# To relax



## crystallizedtear (Feb 9, 2005)

I must stop worrying, relax and have fun in life.
Life is not so serious.

opcorn lets have some fun.


----------



## PuzzledMike (Nov 30, 2004)

crystallizedtear said:


> I must stop worrying, relax and have fun in life.
> Life is not so serious.
> 
> opcorn lets have some fun.


These are really good goals! I want to lighten up, too, and relax and not to take everything so seriously!


----------



## ghostgurl (Sep 20, 2004)

:agree


----------



## meggiehamilton (Nov 12, 2003)

I like your goal. :banana My dad tells me all the time to get that serious look off of my face. He said I need to learn to laugh at myself and life more. Lets face it we are only here for a short period of time we might as well have fun while we are here.


----------



## socialanxiety38 (Nov 19, 2004)

meggiehamilton said:


> I like your goal. :banana My dad tells me all the time to get that serious look off of my face. He said I need to learn to laugh at myself and life more. Lets face it we are only here for a short period of time we might as well have fun while we are here.

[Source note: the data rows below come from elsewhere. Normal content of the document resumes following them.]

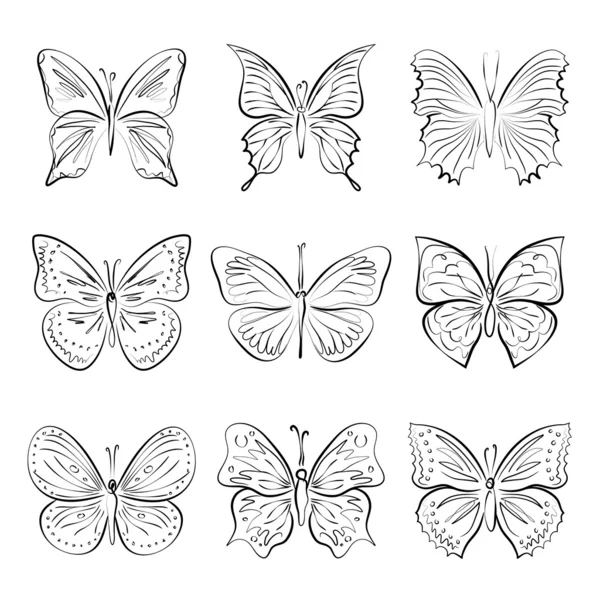 Mariposas tiradas a mano — Vector de stock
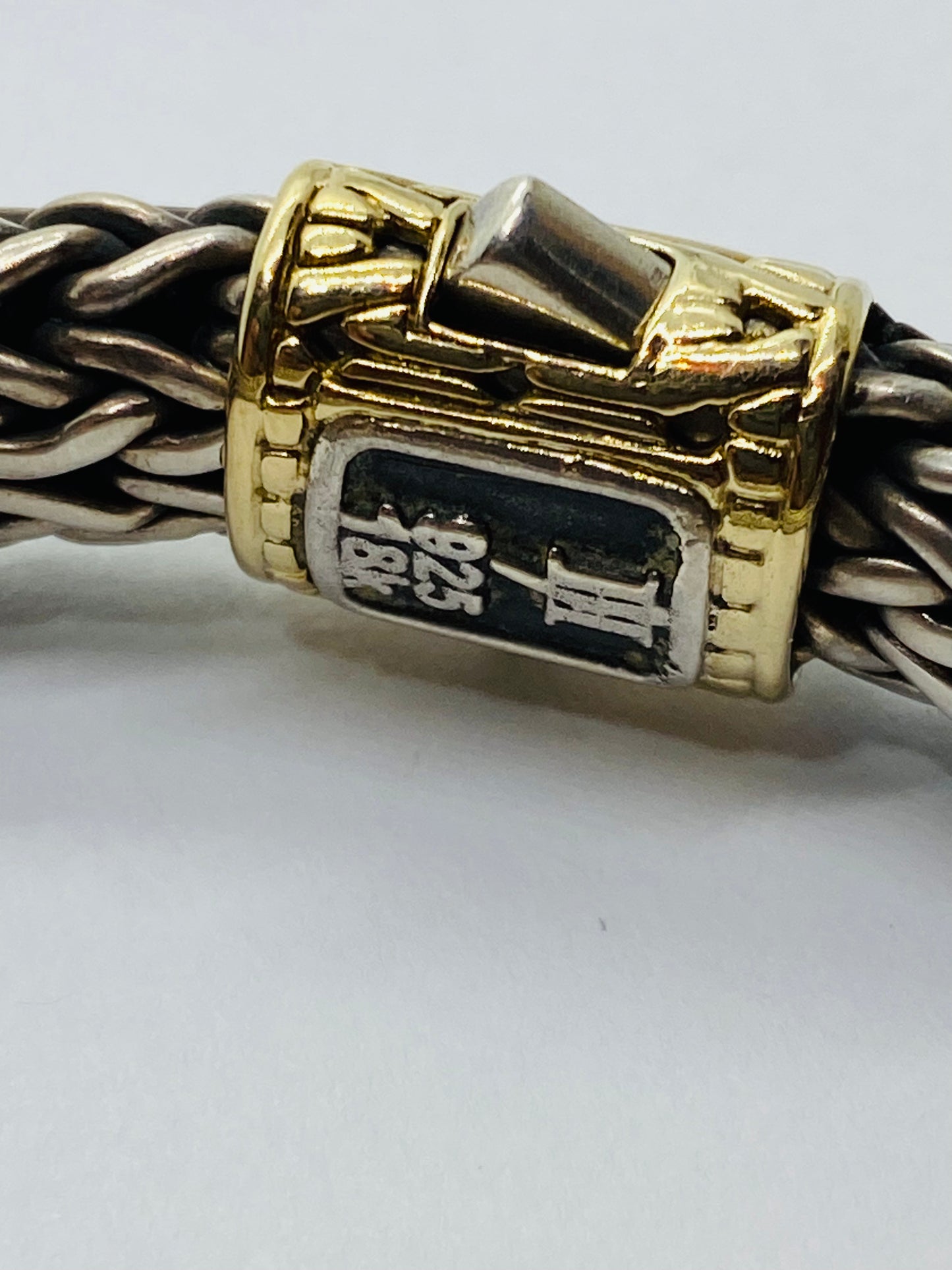 John Hardy 11MM Sterling Silver 18k Gold Wheat Chain Bracelet 7.5” 70.8 Grams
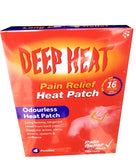 Parche Deep Heat, aplicación fácil y adhesivo cómodo sobre piel limpia.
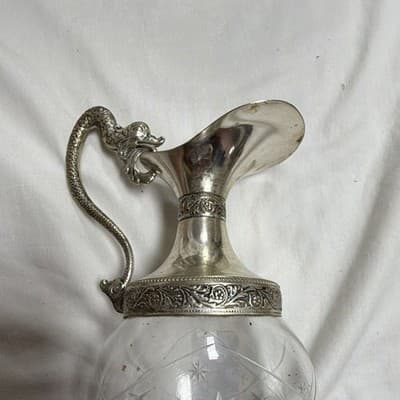 Made in Italy Victorian Silverplate Pitcher w/ Etched Cut Glass & Ornate Handle - Thumbnail 6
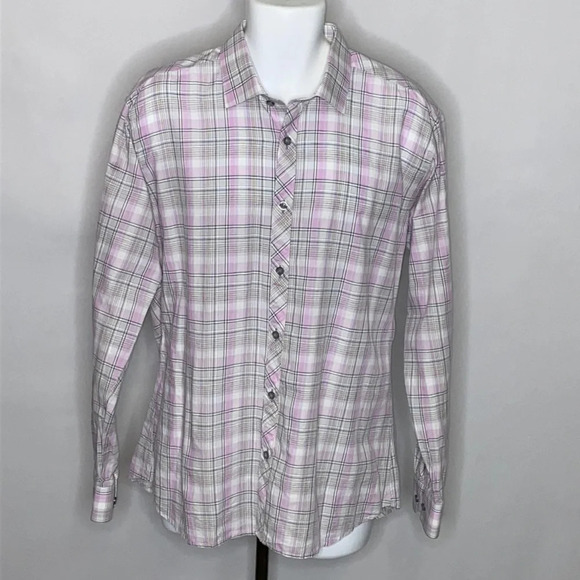 Jared Lang Button Front Long Sleeve Plaid Shirt-XL - Picture 1 of 5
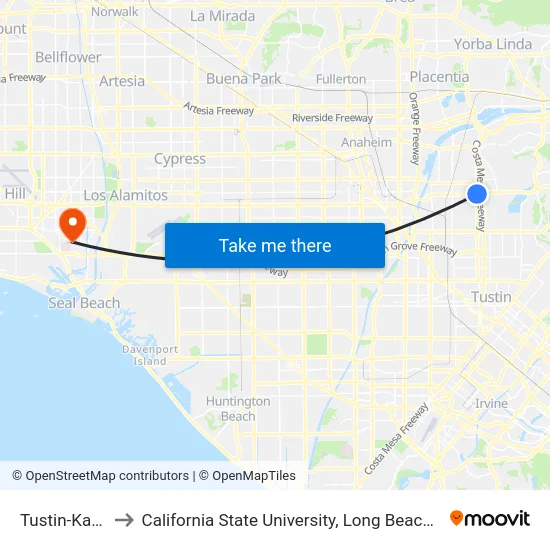 Tustin-Katella to California State University, Long Beach (CSULB) map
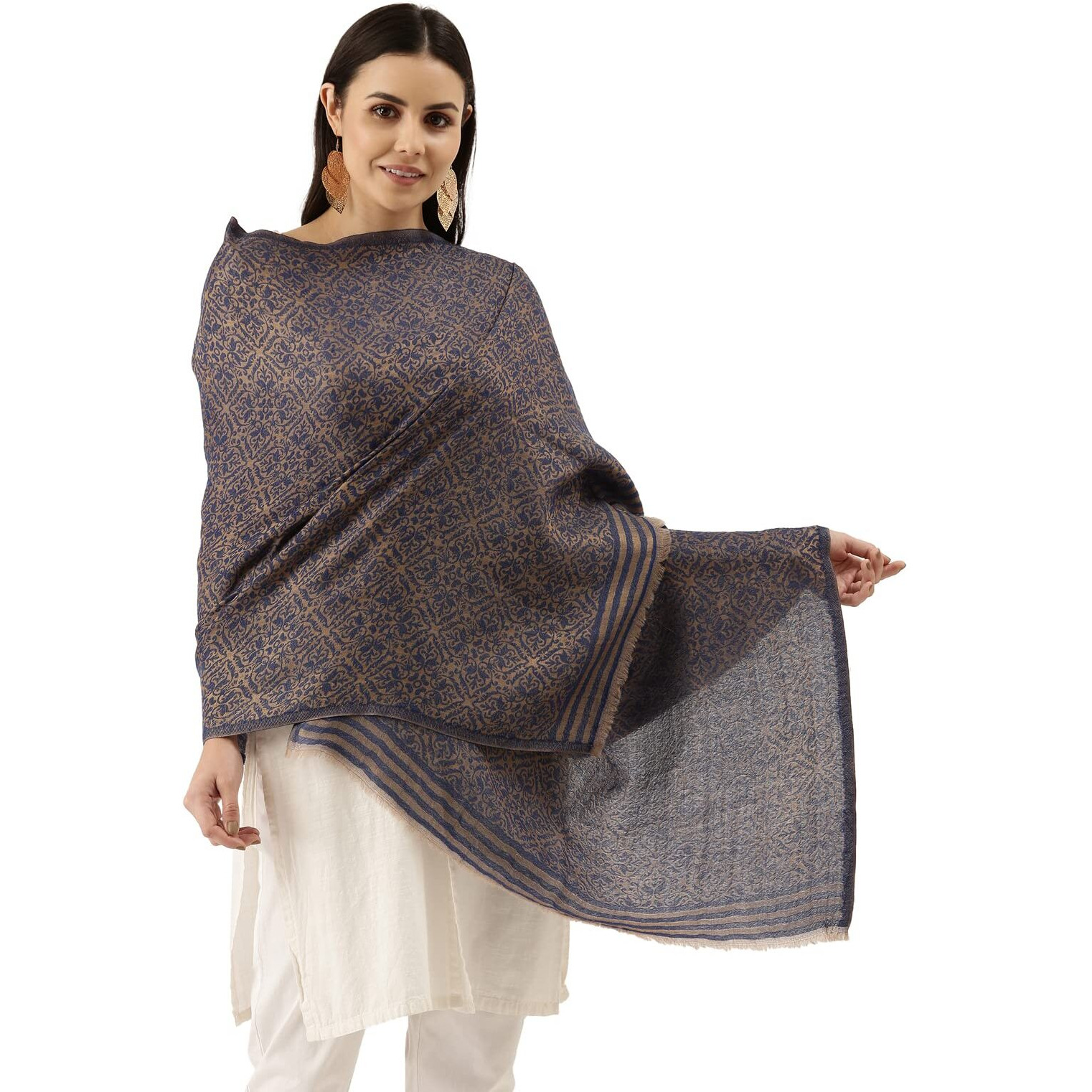 Pashmoda Women Chaman Fine Pashmina Wool Blend Stole (Size  71X203 Cm)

I am too serious too. I need to laugh more but so little in my life is funny. If the kids aren't around i never laugh. Well unless there is a good comedy on tv. Not much of that anymore.

:banana :banana :banana


----------



## millenniumman75 (Feb 4, 2005)

Crystallizedtear,

We were meant to have everything in balance, which includes seriousness and laughter. Don't forget that you need equal portions of both! 

millenniumman75


----------